Monday, November 21, 2005

Open the kimono

I told everyone that I would share some of my memory mneumonics that I use to classify players at the table. I will be playing O8B all this week, so I thought this would be a good time for this...

Memory Mnemonics for holdings

FIRST a recap of "simple-solid":
Pre-Flop [remember the GAP concept after level 2]
AA, KK : Can min raise to keep field (2.5x-3x)
QQ, JJ, TT: raise for value, not to reduce field (3x)
AK, AQs, AJs, KQs: Must raise to reduce field. (3x-3.5x)
99, KTs, QJs, KJs, ATs, AQo, JTs : FTAraise (3x), call any <5xBB raise (& <5% of stack)
Suited connector (56s+), Suited 1 gap >7, pocket pair, ATs, A9s, A8s : play with position (or anytime in PL) for <5% of stack
2 gap or 3 gap, suited ace or King, 2 face : <3xBB raise or FTA raise 3xBB, in LP

Flop (what are they calling with?)
Continuation bet if you were FTA raiser, you are FTA now, and there are 2- opponents (monster or big draw can check-raise)
Probe bet (¼ pot) vs. ½ pot bet (only make these two bets)
Post Flop bets based on number of opponents (2-), table dynamic (tight), current image(not loose), and position(LP), stack size.

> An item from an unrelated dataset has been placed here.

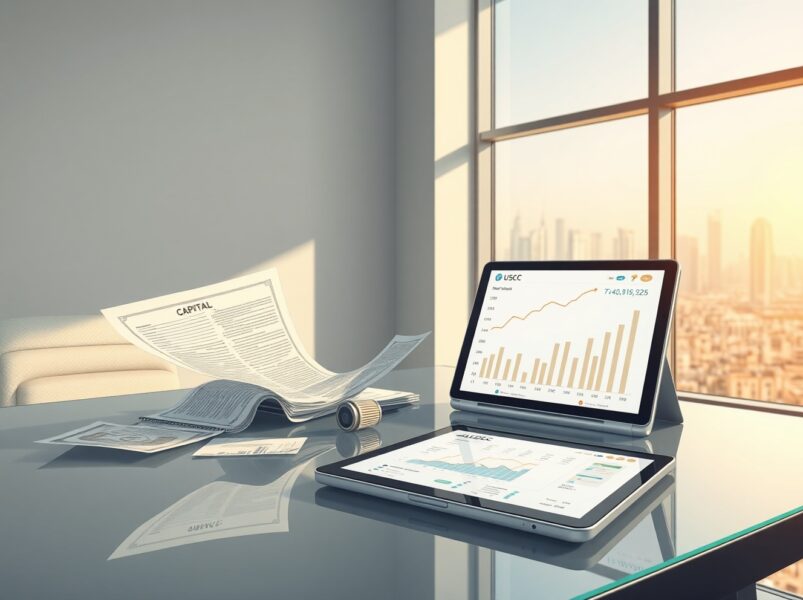 USDC stablecoin growth driven by capital flight from UAE traditional assets to digital currencies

Turn (watch pot size, apply pressure or get out)
Raise at least ½ the pot if the player makes the same turn bet as the flop bet (shows weakness or inexperience).
FTA Bet or Call probe bets with any draw (top pair w/bad kicker, pair with over-card, middle pair with draw)
FTA Bet or Raise probe bet 2x with top pair w/good kicker, two pair
FTA Bet (just under ½ pot) or Re-Raise (his bet size) any action with a monster hand (set, open draw, flush draw, trips)

OK. Like Phil Helmuth has his base “animal” categorization system, I too have a system for remembering how a player will play certain hands. I have adopted the chopsocky system.

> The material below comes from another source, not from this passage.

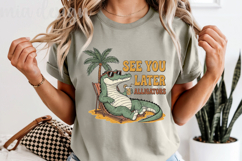 See You Later Alligators PNG, Funny Retro Summer Sublimation Product Image 5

Similar, but more intricate than the animal system, it associates silly kung fu moves (colorfully named after wacky, improbable animal actions such as “snake in the eagle’s claw” or “tiger dancing drunk”) with players to help remember how a player will react in a given situation or how they play hands.

This allows me to associate MOVES with a player instead of your typical (rock, tight/weak, LAG, tight/aggressive) categories of play-styles. The nice thing about this method is that you can make up new ones on the fly and add them to your list.

Here are my list (a work in progress) or basic types: The animals are based on Chinese folklore attributes, not “Anglo” ones. I also referenced the 4 elements just for those of you who know this folklore.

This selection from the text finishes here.